**** SUPPLIED RECORDS

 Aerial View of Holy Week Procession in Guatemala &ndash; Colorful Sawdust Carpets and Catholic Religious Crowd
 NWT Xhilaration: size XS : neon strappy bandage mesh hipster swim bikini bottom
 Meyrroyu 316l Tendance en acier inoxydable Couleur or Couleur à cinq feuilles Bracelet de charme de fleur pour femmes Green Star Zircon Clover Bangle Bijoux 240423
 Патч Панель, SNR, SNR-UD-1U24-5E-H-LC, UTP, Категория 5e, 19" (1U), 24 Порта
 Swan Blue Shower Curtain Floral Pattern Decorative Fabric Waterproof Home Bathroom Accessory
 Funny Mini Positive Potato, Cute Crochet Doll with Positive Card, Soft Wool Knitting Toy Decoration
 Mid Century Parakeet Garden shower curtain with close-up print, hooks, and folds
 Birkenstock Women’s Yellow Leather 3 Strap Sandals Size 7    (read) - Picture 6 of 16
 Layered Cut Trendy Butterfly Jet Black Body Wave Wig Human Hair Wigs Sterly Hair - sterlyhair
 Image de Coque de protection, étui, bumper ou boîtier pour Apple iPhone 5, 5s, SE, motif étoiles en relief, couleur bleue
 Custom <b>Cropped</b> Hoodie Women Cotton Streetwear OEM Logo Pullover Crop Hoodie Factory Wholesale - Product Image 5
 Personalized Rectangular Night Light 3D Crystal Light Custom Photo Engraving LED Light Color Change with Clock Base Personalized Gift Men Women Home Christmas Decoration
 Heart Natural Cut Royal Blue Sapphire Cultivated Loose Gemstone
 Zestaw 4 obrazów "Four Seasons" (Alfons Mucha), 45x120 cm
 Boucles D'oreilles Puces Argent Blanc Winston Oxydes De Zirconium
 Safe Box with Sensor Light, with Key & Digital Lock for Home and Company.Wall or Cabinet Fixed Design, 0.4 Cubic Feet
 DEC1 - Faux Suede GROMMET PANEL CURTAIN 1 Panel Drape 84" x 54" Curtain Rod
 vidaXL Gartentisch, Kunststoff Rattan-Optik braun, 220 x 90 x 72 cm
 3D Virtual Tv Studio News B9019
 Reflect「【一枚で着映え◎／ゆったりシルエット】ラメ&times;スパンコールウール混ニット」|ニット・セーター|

********

**EXERCISE INSTRUCTIONS:** Each line from the first line of the listing through the line with "Heart Natural Cut" must be output exactly, both ends included, and no other line may appear.

**WRITTEN SOLUTION:**
 Aerial View of Holy Week Procession in Guatemala &ndash; Colorful Sawdust Carpets and Catholic Religious Crowd
 NWT Xhilaration: size XS : neon strappy bandage mesh hipster swim bikini bottom
 Meyrroyu 316l Tendance en acier inoxydable Couleur or Couleur à cinq feuilles Bracelet de charme de fleur pour femmes Green Star Zircon Clover Bangle Bijoux 240423
 Патч Панель, SNR, SNR-UD-1U24-5E-H-LC, UTP, Категория 5e, 19" (1U), 24 Порта
 Swan Blue Shower Curtain Floral Pattern Decorative Fabric Waterproof Home Bathroom Accessory
 Funny Mini Positive Potato, Cute Crochet Doll with Positive Card, Soft Wool Knitting Toy Decoration
 Mid Century Parakeet Garden shower curtain with close-up print, hooks, and folds
 Birkenstock Women’s Yellow Leather 3 Strap Sandals Size 7    (read) - Picture 6 of 16
 Layered Cut Trendy Butterfly Jet Black Body Wave Wig Human Hair Wigs Sterly Hair - sterlyhair
 Image de Coque de protection, étui, bumper ou boîtier pour Apple iPhone 5, 5s, SE, motif étoiles en relief, couleur bleue
 Custom <b>Cropped</b> Hoodie Women Cotton Streetwear OEM Logo Pullover Crop Hoodie Factory Wholesale - Product Image 5
 Personalized Rectangular Night Light 3D Crystal Light Custom Photo Engraving LED Light Color Change with Clock Base Personalized Gift Men Women Home Christmas Decoration
 Heart Natural Cut Royal Blue Sapphire Cultivated Loose Gemstone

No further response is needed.